Any ideas on what I can add to improve efforts that last 1/2 hour or longer?
 
Hi all,

I'm a cyclist looking for a better supplement strategy. My specs: ~145 lb, 6-8% BF, ~4.5 W/kg @FTP, 10-15 hrs/week.

Now: beta alanine 2g/day and occasional albuterol. Plus the usual multiv, recovery drinks w/ BCAA, etc. I also tried an OTC testosterone booster last year, P6. I was never able to figure out if it changed my numbers.

The BA has worked well (optygenhp). I guess that's not a surprise since there is so much science supporting BA. For albuterol, I found several studies on cyclists showing no real benefit, just higher heart rate and more lactic acid. But I still feel like it is good for big sustained efforts despite the increased heart rate of maybe ~7 bpm.
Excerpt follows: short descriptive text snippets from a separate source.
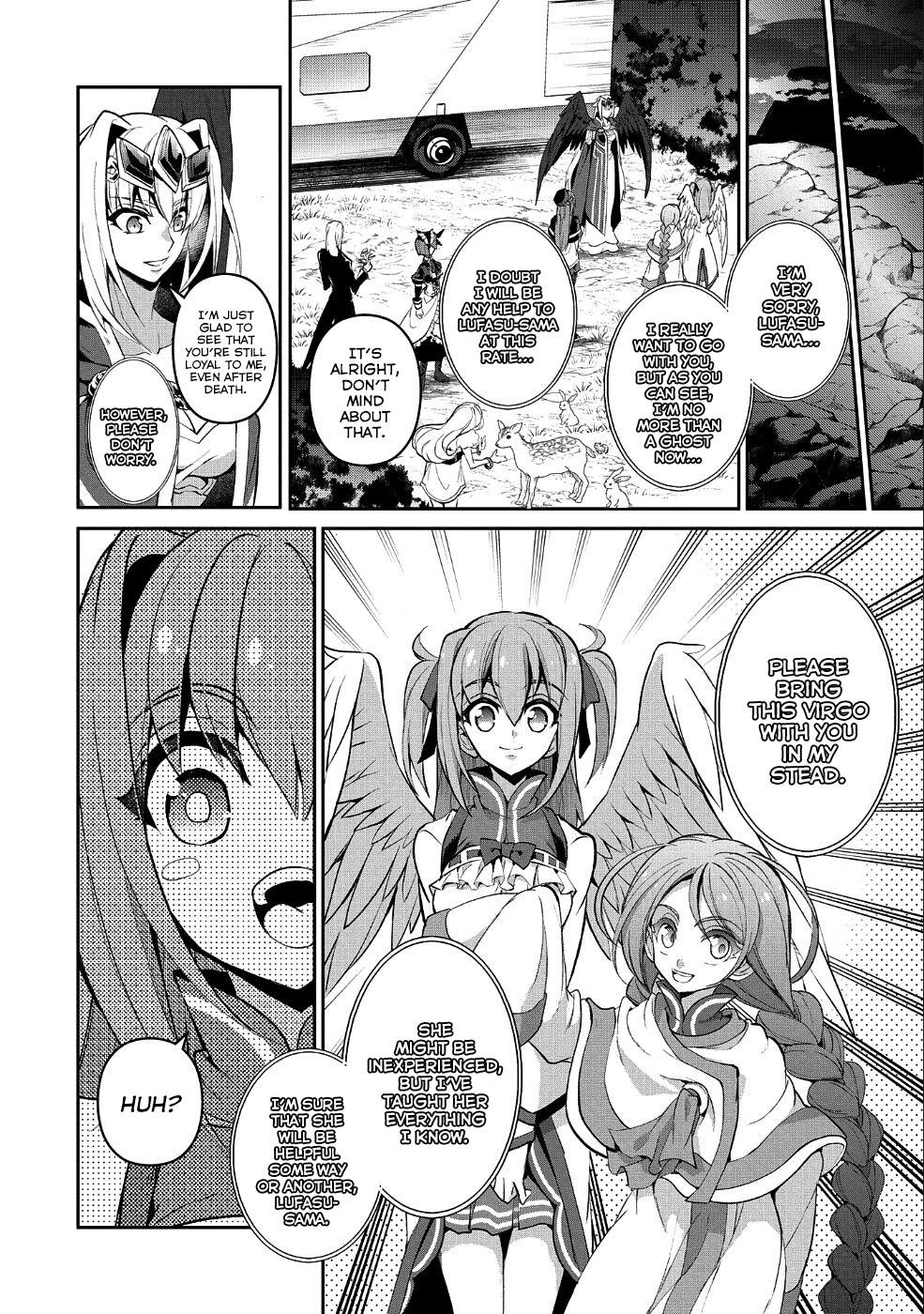 YASEI NO LAST BOSS GA ARAWARETA! Chapter 20 - Page 25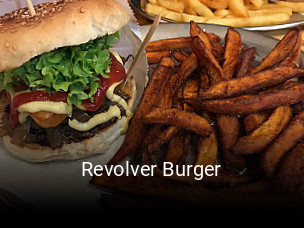 Revolver Burger online bestellen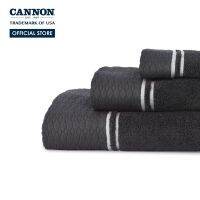 Cannon Elluxe Le Grand ผ้าขนหนู ผ้าฝ้าย สไตล์อียิปต์ (41X76 ซม.) aqr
I have not experimented with creatine due to possibility of water weight. I wonder if phytin or similar will actually increase HC level? I don't have blood checked regularly, so I would not know if it was working except from performance numbers. I suppose another possibility could be improving recovery to allow for more threshold or HIIT workouts. I am in mid-30s and I can do intervals or other 'hard' workouts twice a week. But barely.

Any ideas on what I can add to improve efforts that last 1/2 hour or longer?

I'm a cyclist here also and there are several of us on this board. As far as research chems for increased power you should checkout GW501516 and Osta (aka MK2866). Other than that I would recommend topical testosterone like Androgel for recovery. There are others like Aicar, etc. if you are into pinning but I don't pin so can't comment of them.

Do some searching around on here and you will find lots of good info. Post up any questions you have.

Cheers~
 
How log dose it take to see results on GW and MK 2866? I have been using them for almost a month now and no results yet, how much power should I expecting from them? 3 to 5 % gain in 8 weeks?
 
How log dose it take to see results on GW and MK 2866? I have been using them for almost a month now and no results yet, how much power should I expecting from them? 3 to 5 % gain in 8 weeks?
Everyone is different but I see results with GW after a week and Osta about 3 weeks. It's hard to put a percent gain on it. A lot of variables are at play... but the first thing you should notice is a lower HR when compared to % FTP. If you look at your power files it should show higher power numbers vs HR (when compared to older workouts pre GW) and you should also be able to feel it when on the bike. I hope this helps.
 
Everyone is different but I see results with GW after a week and Osta about 3 weeks. It's hard to put a percent gain on it. A lot of variables are at play... but the first thing you should notice is a lower HR when compared to % FTP. If you look at your power files it should show higher power numbers vs HR (when compared to older workouts pre GW) and you should also be able to feel it when on the bike. I hope this helps.

Have you used HGH and noticed anything on your performance there?